**Exercise instructions**
The required output holds only the lines from the one containing "耽美小说:夫妻本是同林鸟 耽美小说:夫妻本是同林鸟" through the end of the material below, copied exactly, please, with no pictures.
──────── Extracted data
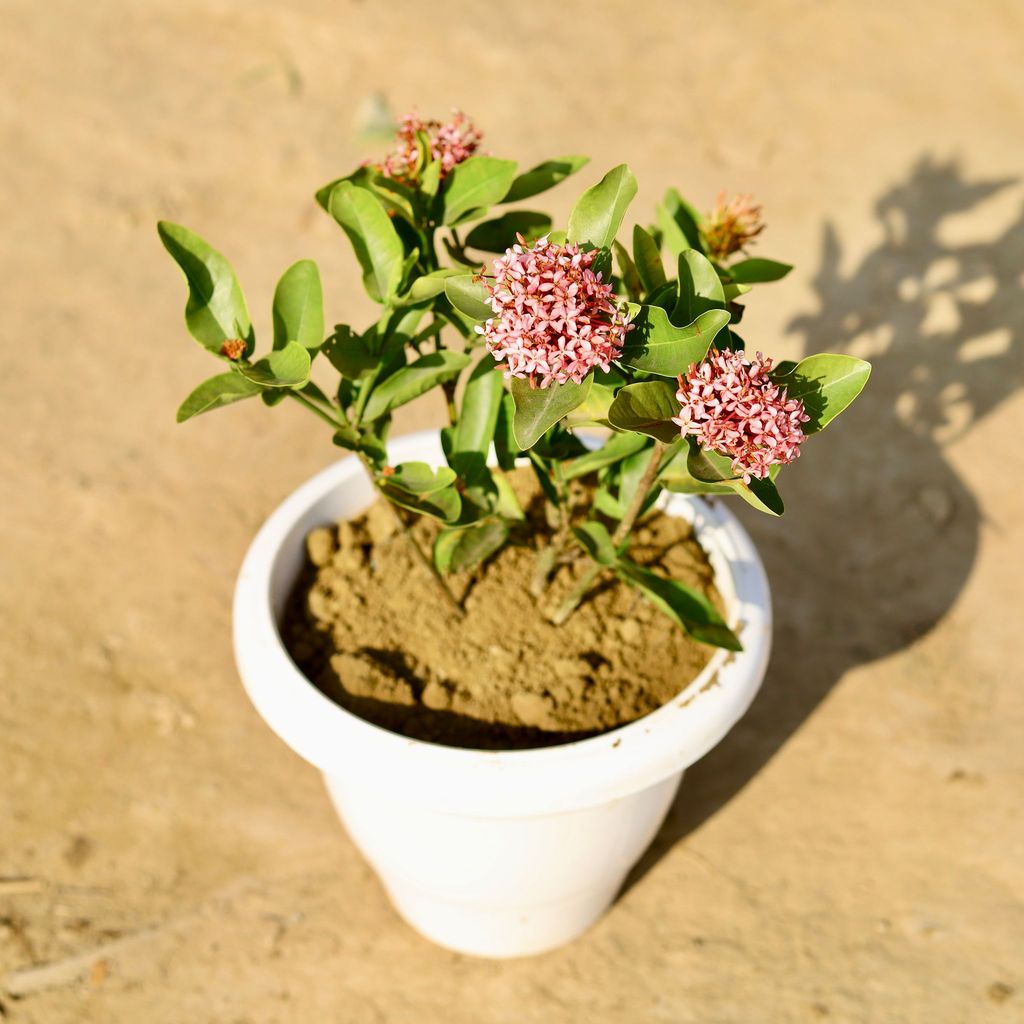 Ixora (any colour) in 8 Inch Classy White Plastic Pot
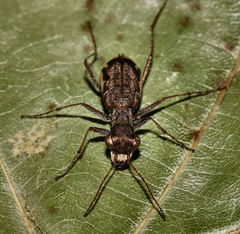 Parvindela cursitans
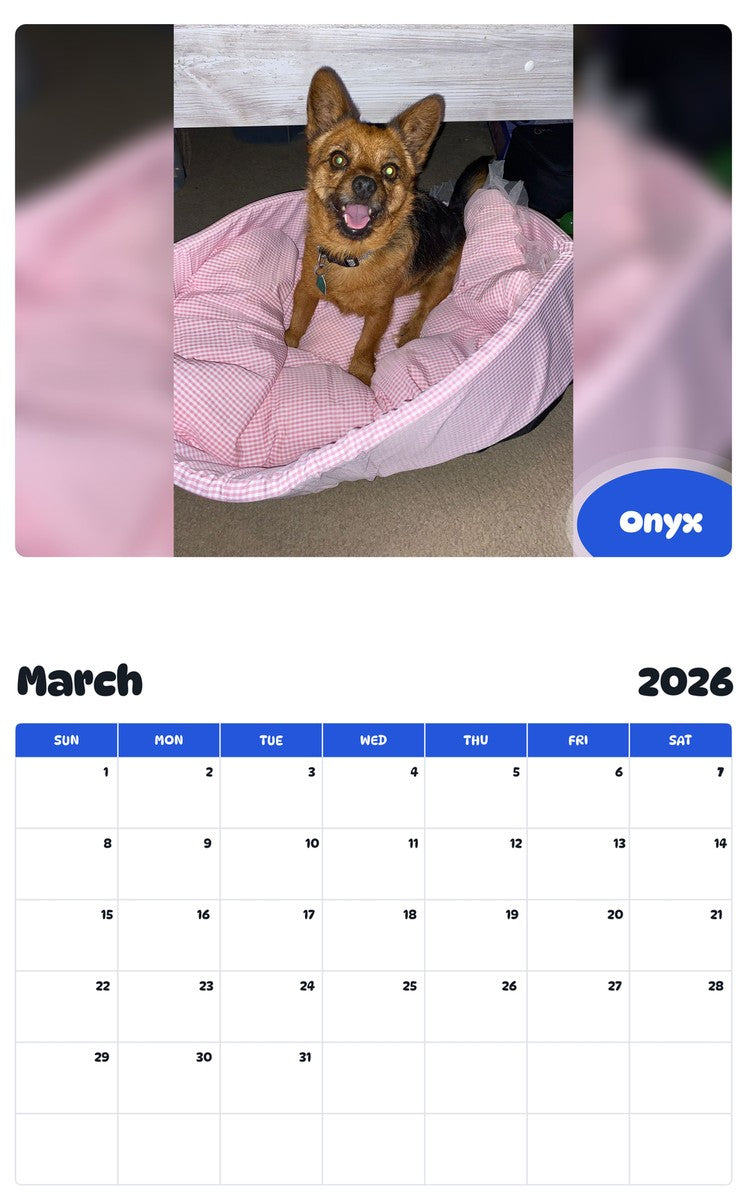 November 2025 - October 2026 Onyx - Pawidols Pet Calendar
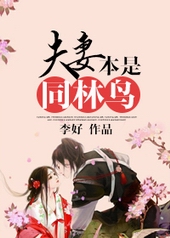 耽美小说:夫妻本是同林鸟 耽美小说:夫妻本是同林鸟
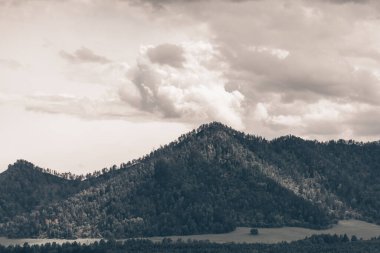 Talan edilmiş yüksek dağlar Tayga 'ya kadar uzanıyor.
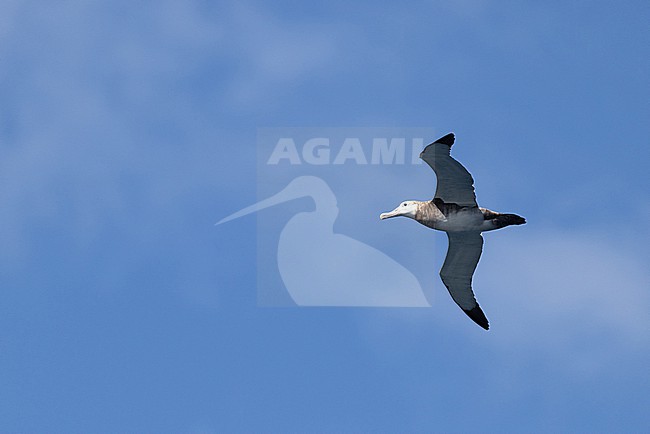 Immmature Tristan Albatross, Diomedea dabbenena, at sea near Tristan da Cunha. stock-image by Agami/Yann Muzika,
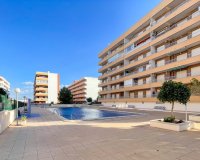 Sale - Apartment - Flat - Orihuela Costa - Punta Prima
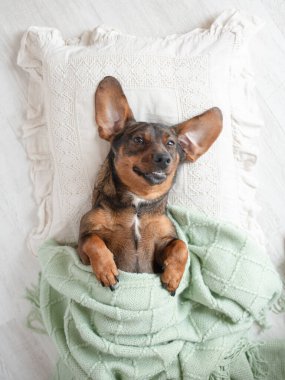 Oyuncu köpek, yumuşak yeşil bir battaniyeye sarılı dekoratif bir yastığın üzerinde rahatça dinleniyor ve evcil hayvan meraklıları için sıcak ve davetkar bir ortam yaratıyor.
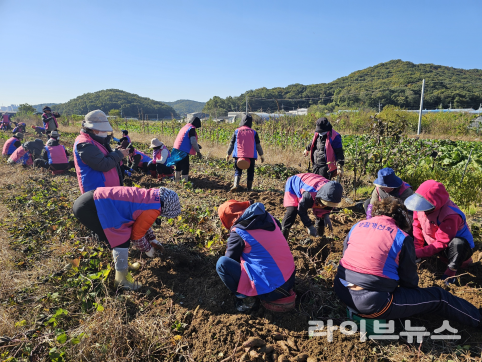 인천시 농업기술센터가 (사)한국생활개선인천시연합회와 인천 서구 검단에서 사랑의 고구마 수확을 진행하고 있다.(사진=인천시농업기술센터)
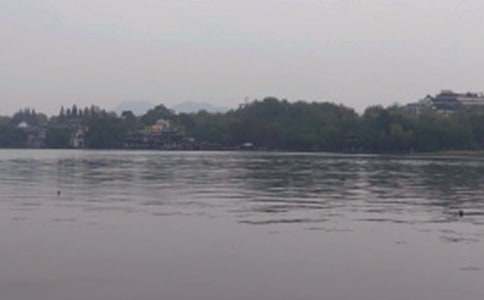 �������������ι��Խ�B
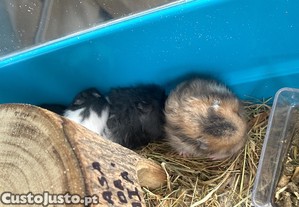 Hamsters sirios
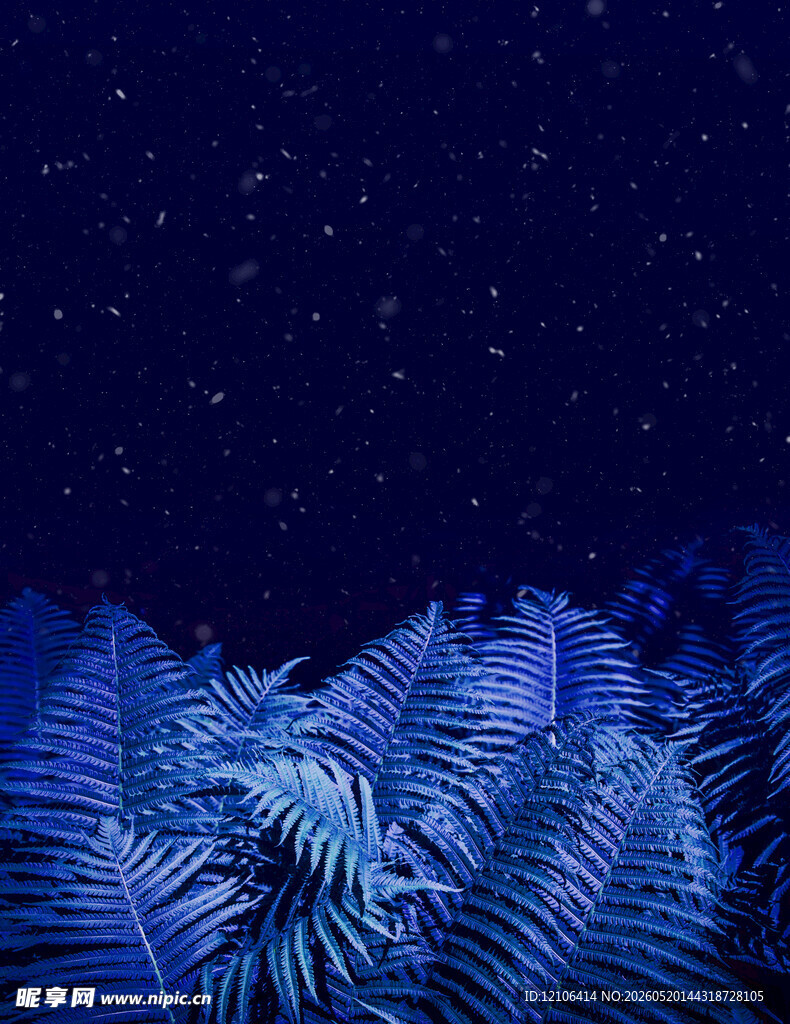 梦幻蓝调星空下的蕨类植物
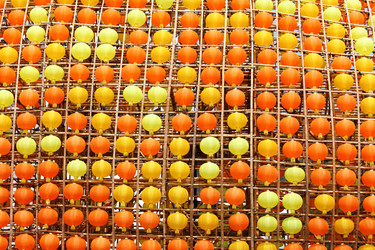 Similar image 6087868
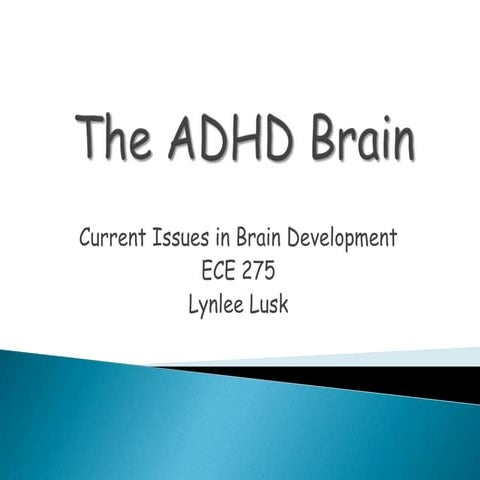 The adhd brain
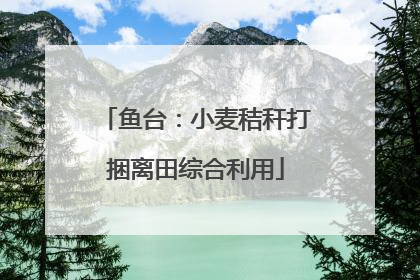 鱼台：小麦秸秆打捆离田综合利用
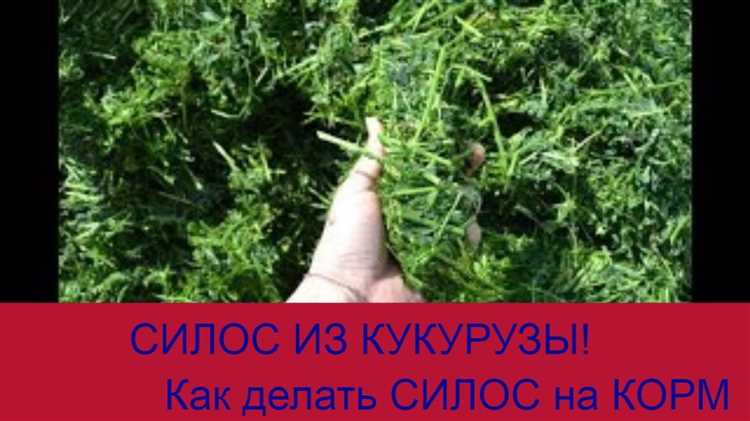 Технология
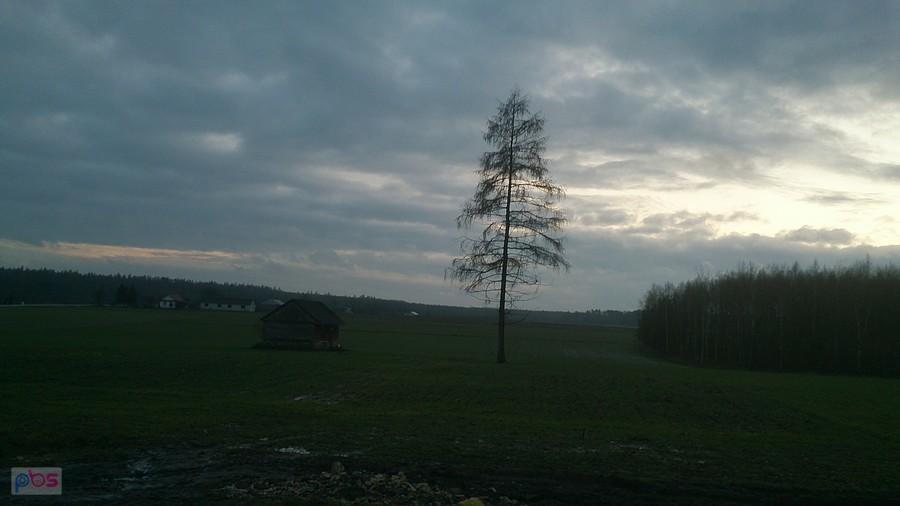 Pusta szopa na środku pola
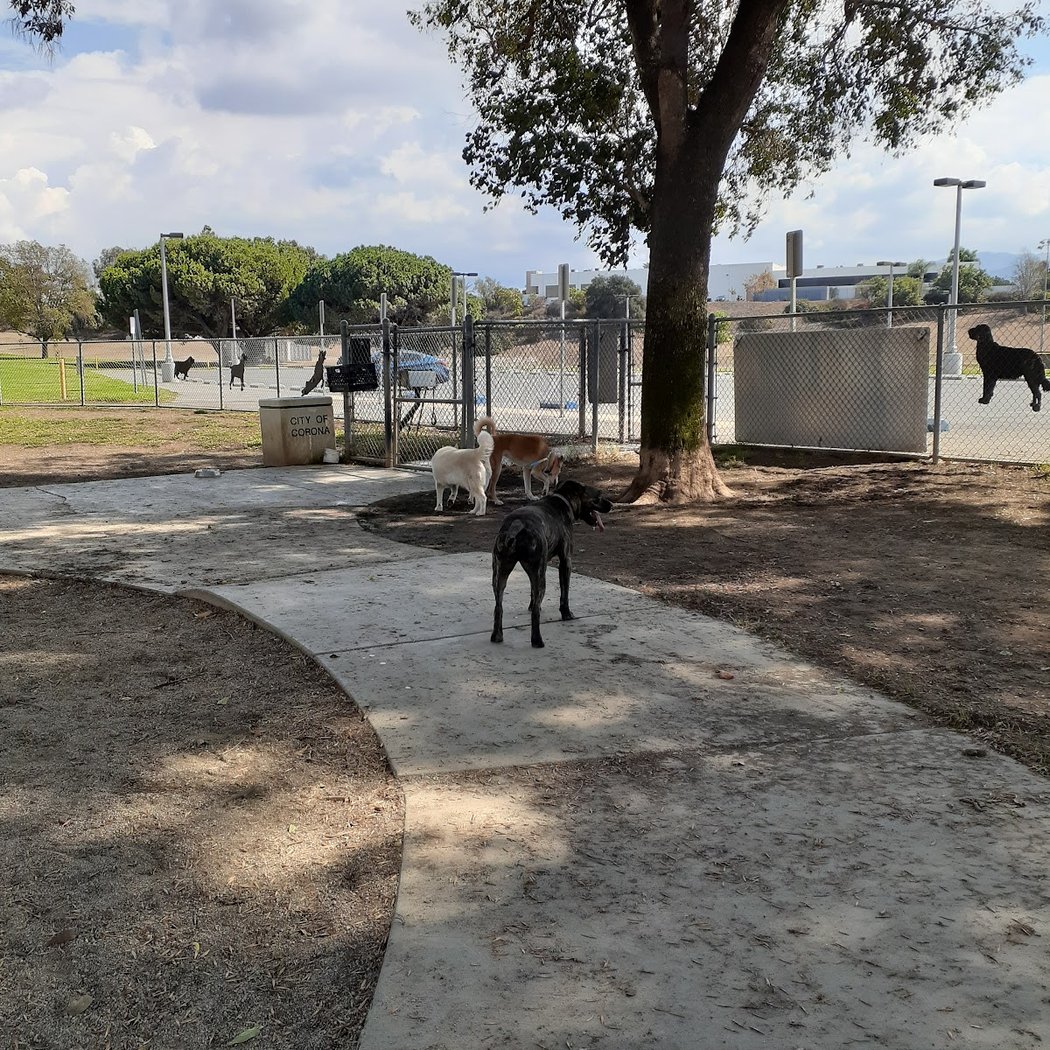 Corona Dog Park 3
────────────────
**Answer space**
 耽美小说:夫妻本是同林鸟 耽美小说:夫妻本是同林鸟
 Talan edilmiş yüksek dağlar Tayga 'ya kadar uzanıyor.
 Immmature Tristan Albatross, Diomedea dabbenena, at sea near Tristan da Cunha. stock-image by Agami/Yann Muzika,
 Sale - Apartment - Flat - Orihuela Costa - Punta Prima
 Oyuncu köpek, yumuşak yeşil bir battaniyeye sarılı dekoratif bir yastığın üzerinde rahatça dinleniyor ve evcil hayvan meraklıları için sıcak ve davetkar bir ortam yaratıyor.
 인천시 농업기술센터가 (사)한국생활개선인천시연합회와 인천 서구 검단에서 사랑의 고구마 수확을 진행하고 있다.(사진=인천시농업기술센터)
 �������������ι��Խ�B
 Hamsters sirios
 梦幻蓝调星空下的蕨类植物
 Similar image 6087868
 The adhd brain
 鱼台：小麦秸秆打捆离田综合利用
 Технология
 Pusta szopa na środku pola
 Corona Dog Park 3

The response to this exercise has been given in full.